For decades now, the pro-choice movement has successfully distorted the abortion debate by ignoring the essential question – is an unborn child a living human or isn’t it? – in favor of their infamous “right to choose” canard. A recent op-ed in the Washington Post entitled “How an anti-abortion push to redefine ‘person’ could hurt women’s rights” employs this tactic shamelessly:
“The people who attack reproductive rights are turning a blind eye to the impossible choices families have to make together, instead callously insisting that it’s lawmakers who know what’s best for women, not women themselves. ... The logo for Personhood USA, a leading organization behind the measures, echoes that idea. It shows what looks like a full-term fetus curled up in a map of the United States, which acts as its womb. The woman is conspicuously absent. Personhood advocates are interested in only one kind of ‘person.’”

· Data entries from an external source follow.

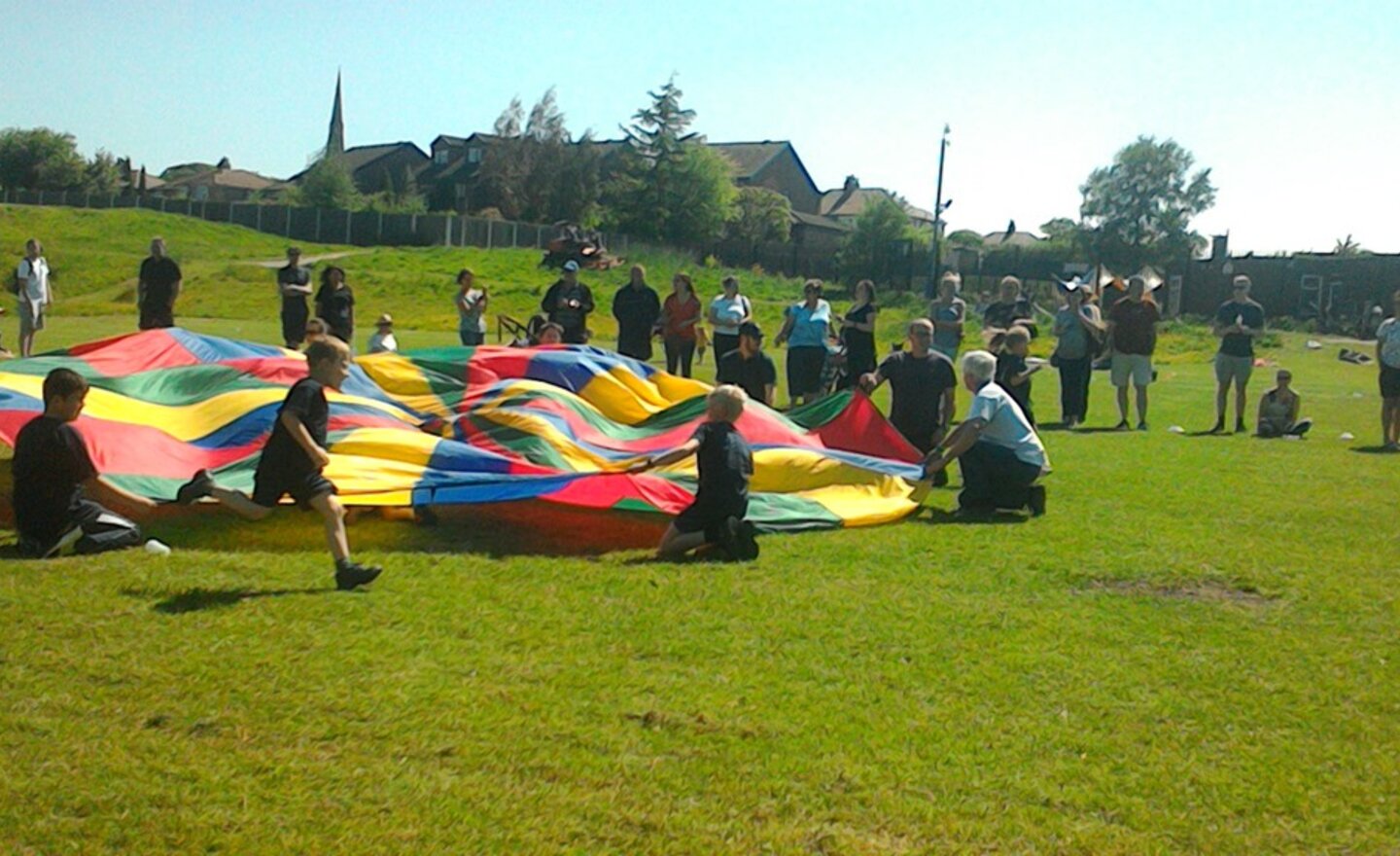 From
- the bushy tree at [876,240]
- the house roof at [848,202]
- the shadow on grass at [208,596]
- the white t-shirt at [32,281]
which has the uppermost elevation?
the house roof at [848,202]

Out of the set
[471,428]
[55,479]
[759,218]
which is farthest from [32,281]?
[759,218]

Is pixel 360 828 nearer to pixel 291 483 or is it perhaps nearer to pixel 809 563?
pixel 291 483

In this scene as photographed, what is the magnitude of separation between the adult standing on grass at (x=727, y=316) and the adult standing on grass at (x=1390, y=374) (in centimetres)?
668

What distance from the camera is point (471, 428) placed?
949cm

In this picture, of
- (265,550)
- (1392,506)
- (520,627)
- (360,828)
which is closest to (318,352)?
(265,550)

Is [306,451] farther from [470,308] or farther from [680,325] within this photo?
[470,308]

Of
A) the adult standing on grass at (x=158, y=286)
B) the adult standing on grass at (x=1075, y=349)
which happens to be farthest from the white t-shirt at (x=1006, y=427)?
the adult standing on grass at (x=158, y=286)

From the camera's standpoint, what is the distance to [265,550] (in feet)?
24.1

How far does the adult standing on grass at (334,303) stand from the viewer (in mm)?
15320

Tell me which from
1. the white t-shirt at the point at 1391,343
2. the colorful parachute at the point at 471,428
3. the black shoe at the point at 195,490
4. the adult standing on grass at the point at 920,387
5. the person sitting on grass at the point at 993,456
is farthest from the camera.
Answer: the white t-shirt at the point at 1391,343

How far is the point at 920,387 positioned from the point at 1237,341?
6.85 metres

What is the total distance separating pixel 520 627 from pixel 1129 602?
3114 mm

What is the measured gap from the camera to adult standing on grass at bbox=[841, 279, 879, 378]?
13828 mm

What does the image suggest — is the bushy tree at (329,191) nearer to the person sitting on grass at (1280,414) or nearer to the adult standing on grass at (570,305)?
the adult standing on grass at (570,305) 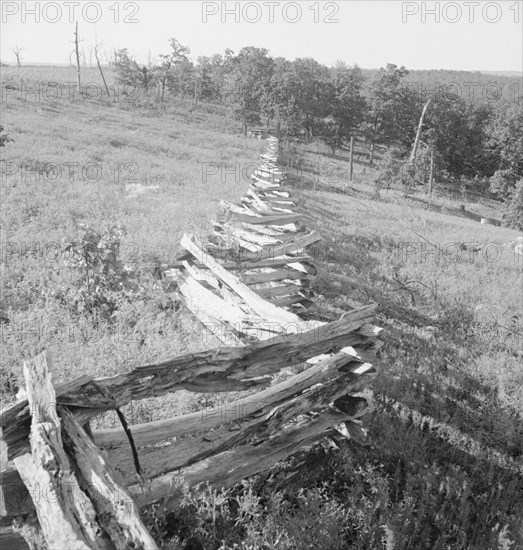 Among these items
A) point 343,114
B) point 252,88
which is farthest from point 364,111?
point 252,88

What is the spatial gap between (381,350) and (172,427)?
4.30m

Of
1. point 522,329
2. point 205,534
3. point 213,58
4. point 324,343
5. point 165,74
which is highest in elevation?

Credit should go to the author of this piece for at least being honest. Founder of Feministing.com and author of The Purity Myth: How America’s Obsession With Virginity Is Hurting Young Women, Jessica Valenti clearly does not believe that the unborn are living human beings. Peddling the myth that “science” shows no evidence that life begins at conception and citing a 2005 legislative proposal that would have criminalized “suspicious” miscarriages in Virginia (straw man, anyone?), Valenti paints a doomsday scenario of a “personhood” world in which women are prosecuted for failing to take prenatal vitamins, miscarriages are investigated by law enforcement, and of course, abortion is no longer available on demand.
In reality, what the personhood initiative seeks to do is reinvigorate a culture of life in a society that is increasingly selling its soul in the name of “rights” and the autonomy of the individual. Contrary to what abortion advocates claim, the scientific evidence does support the humanity of the unborn. From the moment of conception the mother is carrying a genetically distinct human being in her womb.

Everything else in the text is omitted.